Europa, y muy especialmente la nueva Europa democrática, se encuentra desconcertada entre un imperio soviético que vacila y se tambalea, a cuyo destino no quieren vincularse, y una Europa occidental vinculada en todos los terrenos a la otra gran superpotencia, Estados Unidos, asimismo sacudida por una grave crisis económica y una acentuada conflictividad social.
3. En estas condiciones, la Alemania unificada -también más ajena al conflicto del Golfo- se convierte en el casi único punto de referencia positivo al que pueden vincularse unos países con los que, además, aquélla ha tenido desde siempre lazos más estrechos y complejos que el resto de los países europeos. Y digo casi porque la otra cuerda de salvación en la que, sin lugar a dudas, siguen confiando es la propia comunidad europea. Una comunidad que antes del conflicto armado ofrecía una imagen que acentuaba los perfiles propiamente europeos, pero a la que los hechos han ido dando una dimensión más intercontinental y, dentro de Europa, más germánica, lo que también conlleva connotaciones negativas.
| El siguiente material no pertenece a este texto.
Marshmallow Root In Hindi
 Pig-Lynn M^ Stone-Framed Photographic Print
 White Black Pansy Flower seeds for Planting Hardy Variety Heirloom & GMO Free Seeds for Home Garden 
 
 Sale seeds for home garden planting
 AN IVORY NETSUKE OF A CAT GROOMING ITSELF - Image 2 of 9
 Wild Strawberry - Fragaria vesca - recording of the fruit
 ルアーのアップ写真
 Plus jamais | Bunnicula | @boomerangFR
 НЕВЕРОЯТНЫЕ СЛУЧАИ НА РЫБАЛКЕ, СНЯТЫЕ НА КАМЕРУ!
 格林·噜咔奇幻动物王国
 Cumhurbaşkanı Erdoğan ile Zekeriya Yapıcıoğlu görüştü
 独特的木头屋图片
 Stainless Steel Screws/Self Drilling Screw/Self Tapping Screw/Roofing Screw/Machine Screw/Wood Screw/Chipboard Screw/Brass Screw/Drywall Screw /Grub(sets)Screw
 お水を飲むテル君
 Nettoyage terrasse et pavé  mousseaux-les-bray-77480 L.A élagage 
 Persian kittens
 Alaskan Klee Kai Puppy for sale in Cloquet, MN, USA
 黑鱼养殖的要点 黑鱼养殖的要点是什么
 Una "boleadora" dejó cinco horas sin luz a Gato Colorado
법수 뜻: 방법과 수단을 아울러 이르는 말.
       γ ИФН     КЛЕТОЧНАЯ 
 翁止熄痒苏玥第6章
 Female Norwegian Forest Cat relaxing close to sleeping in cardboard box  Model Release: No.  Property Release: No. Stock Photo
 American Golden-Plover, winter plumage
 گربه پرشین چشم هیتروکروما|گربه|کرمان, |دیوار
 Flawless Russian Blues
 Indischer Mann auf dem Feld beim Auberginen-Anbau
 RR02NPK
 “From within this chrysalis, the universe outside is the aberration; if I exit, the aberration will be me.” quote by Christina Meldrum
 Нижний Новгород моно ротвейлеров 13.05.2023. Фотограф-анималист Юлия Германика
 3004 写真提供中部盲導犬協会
Pero una comunidad, en cualquier caso, que tiene su carta que jugar en el nuevo mundo multipolar al que deberíamos todos aspirar.
4. Un cuarto elemento a considerar es el renacer de los nacionalismos, que se traduce en una inestabilidad inquietante a niveles políticos internos y en un obstáculo adicional a nivel internacional. Y, más concretamente, intereuropeo. Dejando aparte el renacer de la xenofobia, los racismos o el antisemitismo, los nacionalismos resurgen, como era previsible, tras un largo periodo de obligado congelamiento. La revolución soviética interrumpió en la URSS la erupción nacionalista, igual que hicieron la II Guerra Mundial y la posguerra en los países vecinos de Centroeuropa. Pero fue sólo una pausa obligada, la asignatura seguía sin ser aprobada. Porque los nacionalismos tienen una componente estructural, de carácter histórico, y otra coyuntural, de carácter revanchista. Frente al estricto y rígido centralismo de los totalitarismos, se produce la reacción de ignorar y rechazar al centro, incluso enfrentarse a él.
El enfrentamiento de la Europa de las regiones a la Europa de los Estados supondría un obstáculo insalvable para la construcción de una Europa sólidamente unida.